* [Your goal]
Nothing but the lines from the one containing "a resort with" to the final line of the entries should appear, copied exactly and without pictures.

* [Available records]

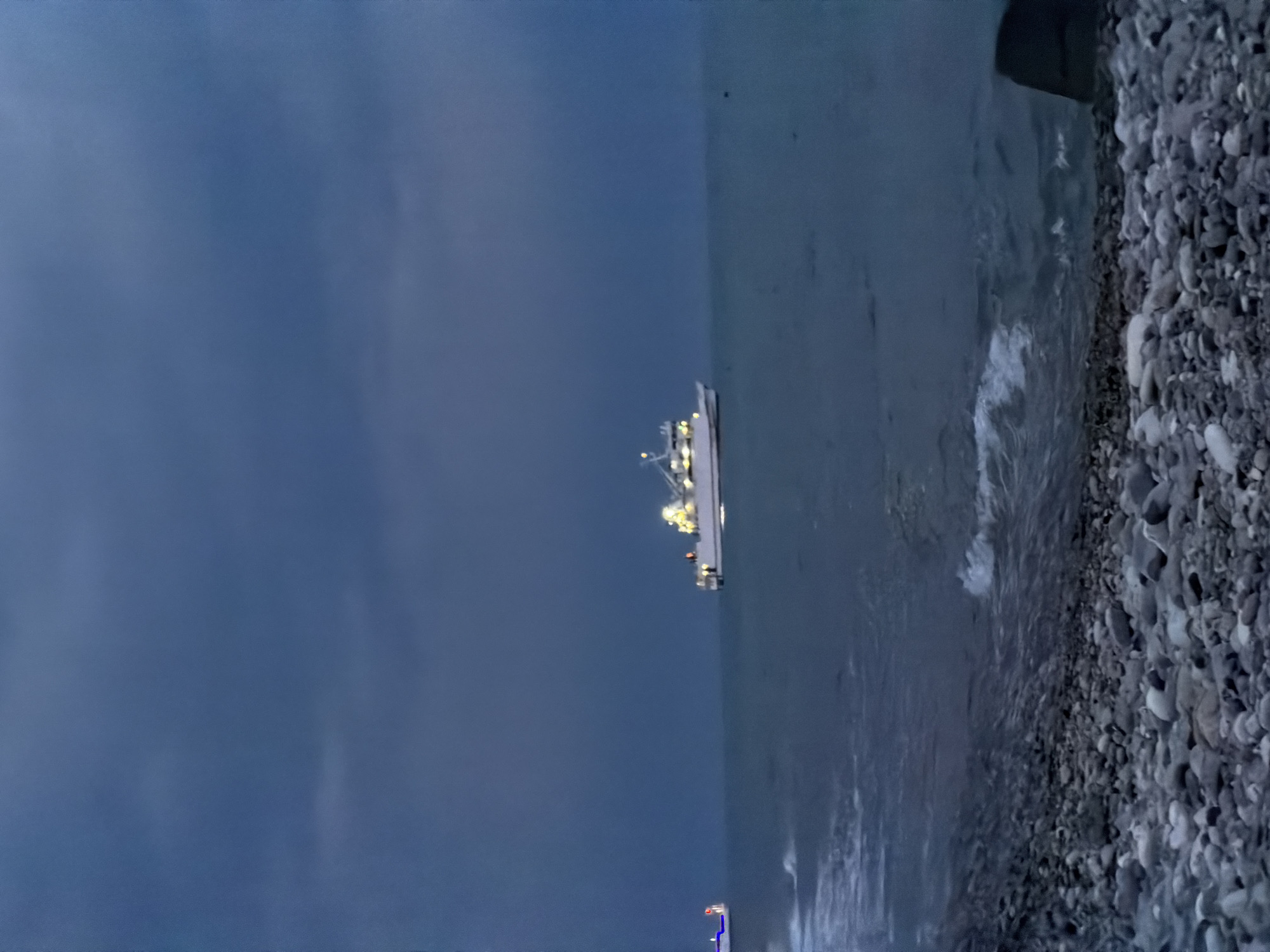 A wide shot captures a serene evening scene on a rocky beach in Sochi, Russia. The sky is a deep, moody blue, hinting at twilight or approaching dusk. Two ships are visible on the calm sea. The larger ship, positioned in the mid-right of the frame, is white with lit windows and appears to be a passenger or research vessel. The smaller ship on the left is also lit, with blue lights visible. The foreground of the image is dominated by a pebble-strewn beach, with gentle waves lapping at the shore. The overall atmosphere is tranquil and atmospheric.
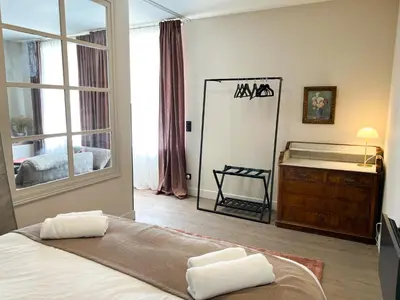 Un ou plusieurs lits dans un hébergement de l'établissement Le Baumann Concept: Appartement de Charme dans un Monument Historique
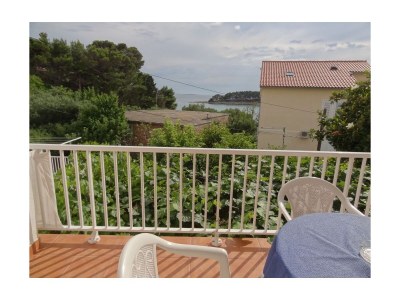 Apartment Two bedroom apartment with terrace and sea view Rab A-16359-a - Outdoor photo 11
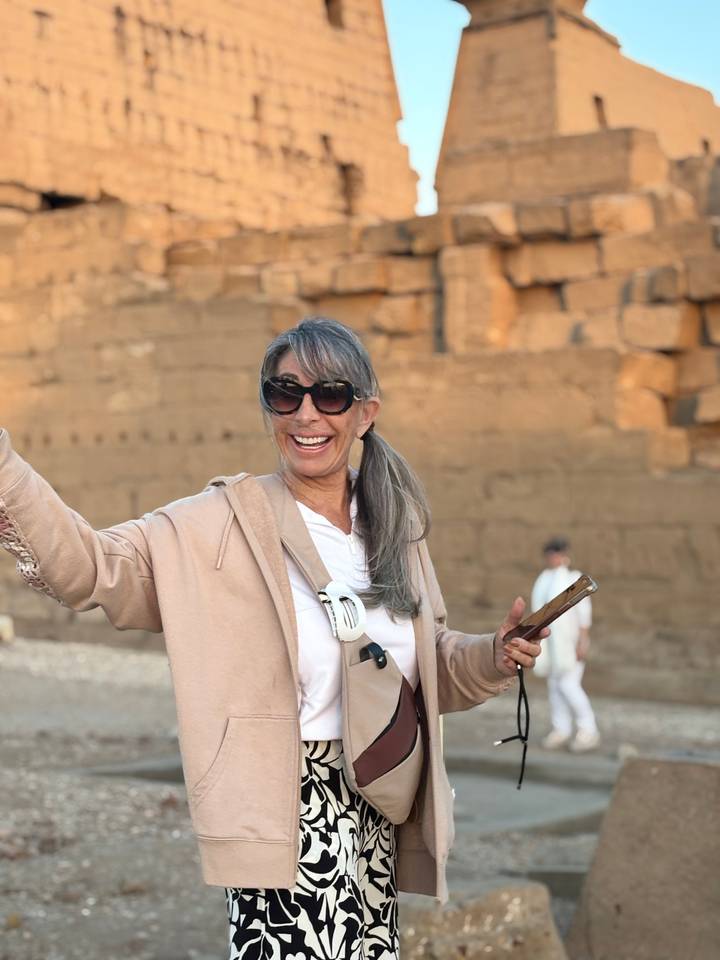 Cheerful woman poses with ancient sandstone ruins softly glowing in evening light.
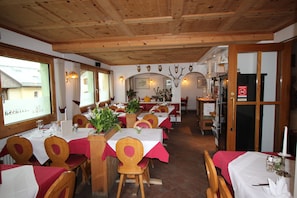 Breakfast, lunch served; international cuisine, al fresco dining 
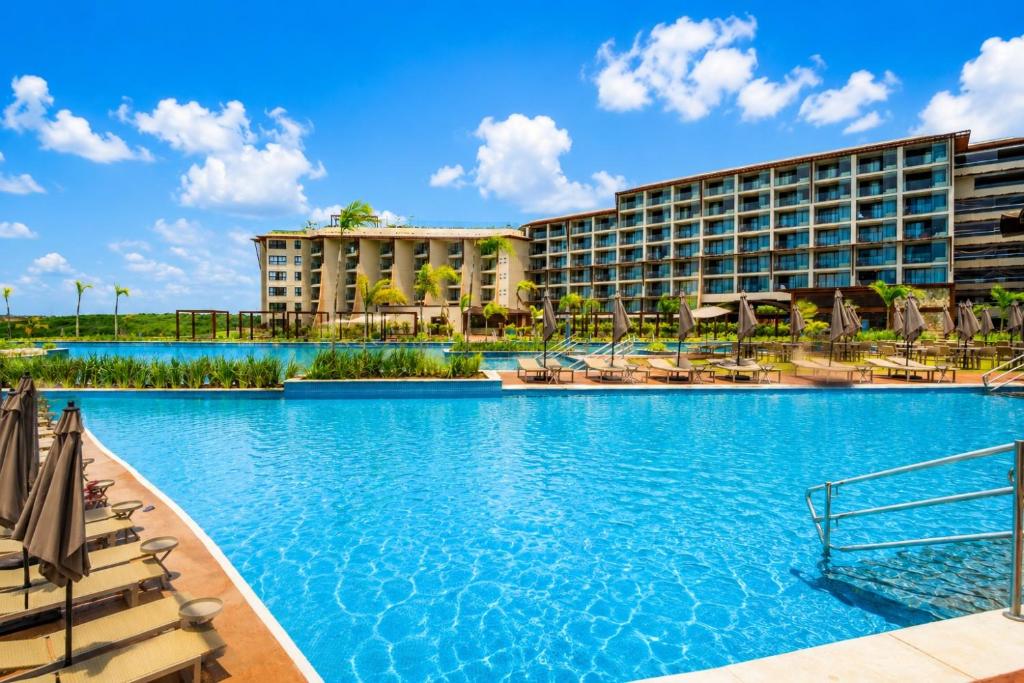 a resort with a large swimming pool with lounge chairs at Tauá Hotel e Convention João pessoa in João Pessoa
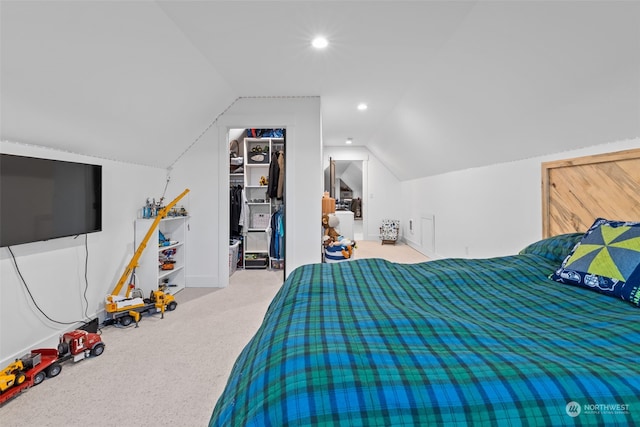 bedroom with light carpet, a spacious closet, vaulted ceiling, and a closet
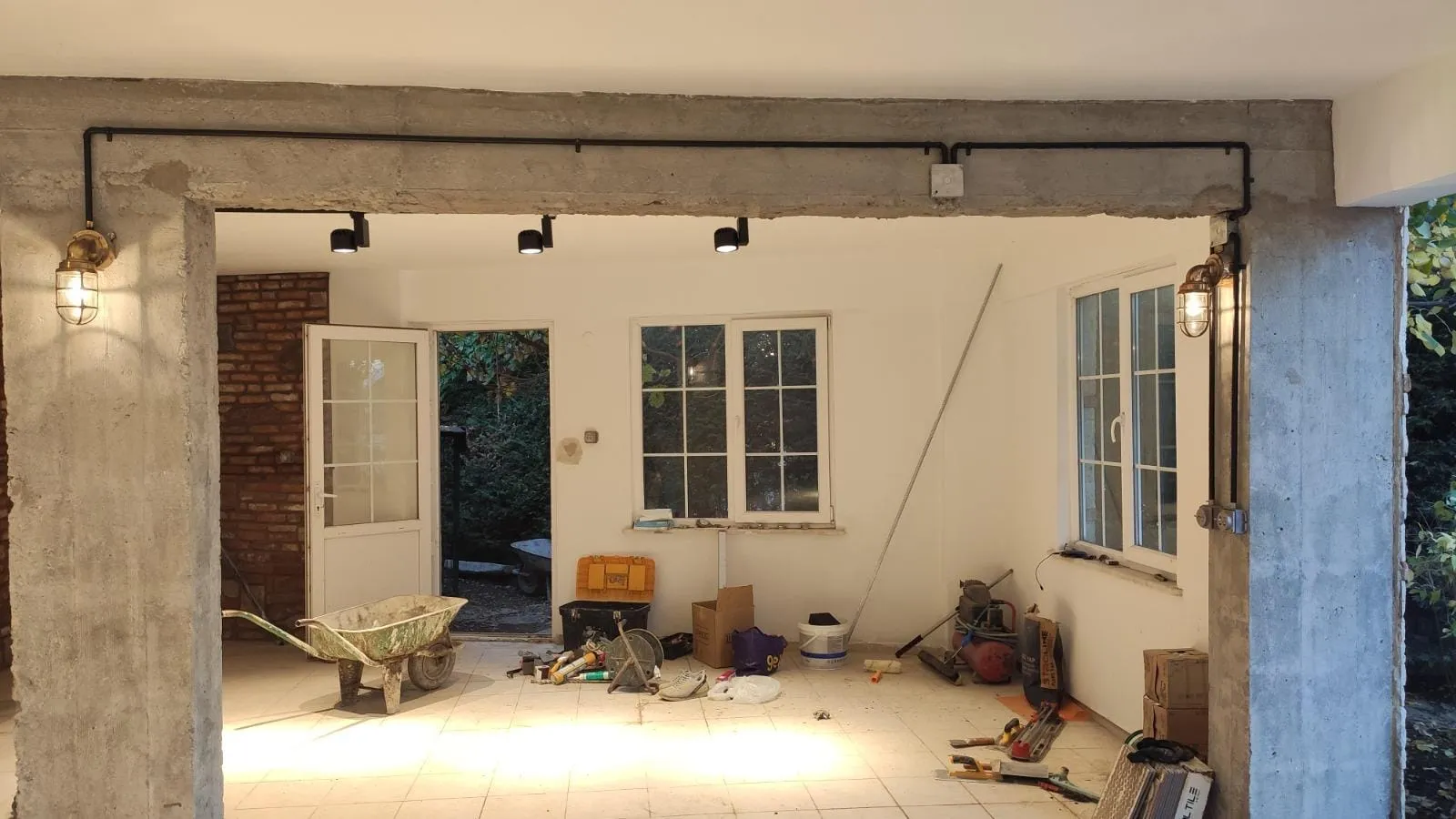 Garajdan villa girişine bakış: siyah boru hatları ve kafesli aplikler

* [Solution for this exercise]
 a resort with a large swimming pool with lounge chairs at Tauá Hotel e Convention João pessoa in João Pessoa
 bedroom with light carpet, a spacious closet, vaulted ceiling, and a closet
 Garajdan villa girişine bakış: siyah boru hatları ve kafesli aplikler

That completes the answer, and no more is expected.